Canonicalization sounds like a process for recognizing sainthood, or maybe a training course in aiming large projectile weapons. But it’s actually one of the most important aspects of organic SEO. Good canonicalization means search engines crawl more pages of your site; it means that link authority and PageRank get consolidated, so you have a stronger link profile; and it means fewer broken links from other sites. Bad canonicalization gets you all that stuff, but with the opposite effect.

Canonicalization defined

The Ian-Lurie-mangles-the-meaning-so-computer-geeks-cringe-definition of canonicalization is: “every resource on your web site has a single web address.”

Every resource means every page, every image, every video, etc..

Single web address means there’s only one Uniform Resource Locator (URL) for each page of content, image, video, etc..

A URL looks like this:

http://www.mysite.com/

Or, it could be: http://www.mysite.com/blah/foo.html.

Or, it could be: http://www.mysite.com/blah/foo.php?meh=123.

Or… Oh, you get the idea.

Note that I said ‘page of content’. That means that a single article, product description or list of articles should appear at a single URL. You should never have multiple URLs for, say, one product description, or one article.

Some of the absurdly bloated content management systems and e-commerce suites out there make canonicalization a challenge. But it’s worth it.

Consequences of bad canonicalization

Here’s an example of ‘bad’ canonicalization: Let’s say I’ve opened a games store: Ian’s Nerdvana (I owe Dave Barry for the term ‘nerdvana’). My store’s home page lives at:

http://www.iansnerdvana.com/

But it also lives at

http://iansnerdvana.com/

and

http://www.iansnerdvana.com/index.html

So what? People will find the home page at all three versions. They won’t know the difference, right? Well, yeah. But search engines will. Googlebot sees the three above URLs as three different pages on the web. That has two consequences that hurt SEO.

First, you lose link authority. If blogger 1 comes to ‘www.iansnerdvana.com’ and links to that page, blogger 2 lands on ‘iansnerdvana.com’ and links to that URL, and blogger 3 lands on ‘www.iansnerdvana.com/index.html’ and links to that page, Googlebot sees three links to three different pages, and applies 1 ‘vote’ to each one. These three links could have sent three authoritative signals to Googlebot for my site’s home page. Instead, they’re split into three weaker individual votes for three different pages. It’s as if Ross Perot or Ralph Nader were sitting in front of my site, siphoning off votes. It’s link love mayhem.
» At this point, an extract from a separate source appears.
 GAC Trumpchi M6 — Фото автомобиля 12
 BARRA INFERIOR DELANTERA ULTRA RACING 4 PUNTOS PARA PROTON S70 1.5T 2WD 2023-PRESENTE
If I weren’t such a loser, I would’ve set up my site so that my home page ‘lived’ at one unique URL – ‘www.iansnerdvana.com’. Then all 3 bloggers would have linked to that page, and Googlebot would instead apply all three votes to a single page. If I care about link authority – and who doesn’t, I ask you? – then that’s a far better outcome.

Secondly, search engines won’t crawl your site as deeply as they might. Search engines allocate resources for each crawl. No one knows exactly how, but it’s safe to say Googlebot won’t just wander around your site until its found every page. At some point, it gives up and leaves. If multiple pages on my site have multiple URLs, then visiting search bots waste time tracking down all of those different versions. That’s time they could spend crawling other unique pages, instead. So fewer unique pages of my site end up in the search index, and I have fewer chances to rank.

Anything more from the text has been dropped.